In normal operation, the sampling module a1 shown in fig. 5 is operated alternately in this embodiment, and there are two paths: one path is that when the first PWM signal PWM1 is high and the second PWM signal PWM2 is low, the seventh NMOS transistor MN7 and the tenth NMOS transistor MN10 are turned on, the eighth NMOS transistor MN8 and the ninth NMOS transistor MN9 are turned off, and the input voltage VIN _ TX passes through the seventh NMOS transistor MN7, the SW1_ TX node, the LC resonant circuit formed by Lp and Cp in the charging base, the SW2_ TX node, and the tenth NMOS transistor MN10, thereby generating a resonant current; the resonant current generates a voltage through the tenth NMOS transistor MN10, and then is divided by the twelfth NMOS transistor MN12 and the fourteenth NMOS transistor MN14 to obtain a sampling signal VIL _ SNS 2. The other path is that when the first pulse width modulation signal PWM1 is low and the second pulse width modulation signal PWM2 is high, the eighth NMOS transistor MN8 and the ninth NMOS transistor are turned on, the seventh NMOS transistor MN7 and the tenth NMOS transistor MN10 are turned off, and the input voltage VIN _ TX passes through the eighth NMOS transistor MN8, the SW2_ TX node, the LC resonant circuit, the SW1_ TX node, and the ninth NMOS transistor MN9 to form a path, so as to generate a resonant current; the resonant current generates a voltage through the ninth NMOS transistor MN9, and then is divided by the eleventh NMOS transistor MN11 and the thirteenth NMOS transistor MN13 to obtain a sampling signal VIL _ SNS 1. Only one of the two paths is in operation, so the first output terminal and the second output terminal of the sampling module a1 alternately generate the output voltage signals VIL _ SNS1 and VIL _ SNS2 of the sampling module a1 and are connected to the input terminal of the amplifying module a 2.

Because the sampling module a1 alternately outputs the voltage signals VIL _ SNS1 and VIL _ SNS2, the amplification module a2 may be provided with two left and right groups of structures as shown in fig. 5, each of which is composed of a first resistor, a second resistor, a third resistor, a first capacitor, a first current source, a second current source, a first NPN type triode, a second NPN type triode, a first NMOS transistor, a second NMOS transistor, a third NMOS transistor, a first PMOS transistor, a second PMOS transistor, and a third PMOS transistor, and is respectively connected to the VIL _ SNS1 and the VIL _ SNS2 for amplification, the amplification module a2 further includes a fourth resistor R4 and a fourth NMOS transistor MN4, the gate-drain of the fourth NMOS transistor MN4 is shorted, and is connected to the output terminal of the amplification module a2 through the fourth resistor R4, and the source thereof is grounded.
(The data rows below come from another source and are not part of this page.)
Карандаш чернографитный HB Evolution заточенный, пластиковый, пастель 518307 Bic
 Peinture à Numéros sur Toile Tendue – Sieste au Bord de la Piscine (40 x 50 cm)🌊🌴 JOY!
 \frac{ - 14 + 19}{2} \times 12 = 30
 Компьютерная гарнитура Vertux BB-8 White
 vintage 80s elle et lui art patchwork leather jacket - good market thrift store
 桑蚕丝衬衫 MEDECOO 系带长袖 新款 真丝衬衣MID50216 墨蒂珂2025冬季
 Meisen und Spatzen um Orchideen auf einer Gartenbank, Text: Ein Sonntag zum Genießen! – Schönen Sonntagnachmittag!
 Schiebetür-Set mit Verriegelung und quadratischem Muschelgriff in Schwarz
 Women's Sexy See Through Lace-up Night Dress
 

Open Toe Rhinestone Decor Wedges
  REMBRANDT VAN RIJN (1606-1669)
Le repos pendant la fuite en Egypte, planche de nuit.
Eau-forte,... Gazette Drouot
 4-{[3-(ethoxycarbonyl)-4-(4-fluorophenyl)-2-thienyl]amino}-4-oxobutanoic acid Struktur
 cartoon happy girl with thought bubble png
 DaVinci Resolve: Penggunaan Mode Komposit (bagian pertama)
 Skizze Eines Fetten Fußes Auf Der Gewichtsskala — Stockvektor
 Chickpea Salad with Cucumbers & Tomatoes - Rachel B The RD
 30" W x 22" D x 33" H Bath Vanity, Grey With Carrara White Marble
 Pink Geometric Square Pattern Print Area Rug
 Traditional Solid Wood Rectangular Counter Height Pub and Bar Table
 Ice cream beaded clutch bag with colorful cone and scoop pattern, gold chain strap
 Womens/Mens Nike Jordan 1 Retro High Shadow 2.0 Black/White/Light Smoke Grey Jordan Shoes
As shown in FIG. 5, two voltage signals VIL _ SNS1 and VIL _ SNS2 generated by the sampling module A1 alternately are connected to the second two sets of structures respectivelyA resistor R1₁And R1₂The third PMOS transistor MP3 in the above two structures₁And MP3₂Are connected to the output of the amplifying block a2 and output a current ILsns out.

The connection structures of the devices in the two groups of structures are the same, and the structure of the left group of processing signals VIL _ SNS1 is taken as an example, and as shown in fig. 5, the structure includes a first resistor R1₁A second resistor R2₁A third resistor R3₁A first capacitor C1₁A first current source I1₁A second current source I2₁A first NPN type triode Q1₁A second NPN transistor Q2₁A first NMOS transistor MN1₁A second NMOS transistor MN2₁A third NMOS transistor MN3₁The first PMOS transistor MP1₁A second PMOS transistor MP2₁And a third PMOS transistor MP3₁A first NPN transistor Q1₁The base electrode and the collector electrode of the transistor are connected with a second NPN type triode Q2₁And through a first current source I1₁Connected to a supply voltage and having its emitter passing through a first resistor R1₁A back connection signal VIL _ SNS 1; first NMOS transistor MN1₁Is connected with a second NPN type triode Q2₁And through a second current source I2₁A power supply voltage is connected, and the source of the power supply voltage is connected with a second NPN type triode I2₁Emitter electrode and pass through a second resistor R2₁Back grounded, and its drain connected to a third resistor R3₁One end of the third PMOS tube MP3₁And the first PMOS transistor MP1₁A gate and a drain of (1); second PMOS pipe MP2₁Is connected to a third resistor R3₁And through the first capacitor C1₁A back-connected power supply voltage, a source connected with the first PMOS transistor MP1₁And a third PMOS transistor MP3₁Is connected with the power supply voltage, and the drain electrode of the transistor is connected with a second NMOS transistor MN2₁And a third NMOS transistor MN3₁A gate electrode of (1); third NMOS transistor MN3₁Is connected with the third PMOS tube MP3₁Is connected with the output end of the amplifying module, and the source electrode of the amplifying module is connected with a second NMOS tube MN2₁And to ground.

The structure of the right group of processing signals VIL _ SNS2A resistor R1₂A second resistor R2₂A third resistor R3₂A first capacitor C1₂A first current source I1₂A second current source I2₂A first NPN type triode Q1₂A second NPN transistor Q2₂A first NMOS transistor MN1₂A second NMOS transistor MN2₂A third NMOS transistor MN3₂The first PMOS transistor MP1₂A second PMOS transistor MP2₂And a third PMOS transistor MP3₂The connection and processing principles are similar and will not be described in detail herein.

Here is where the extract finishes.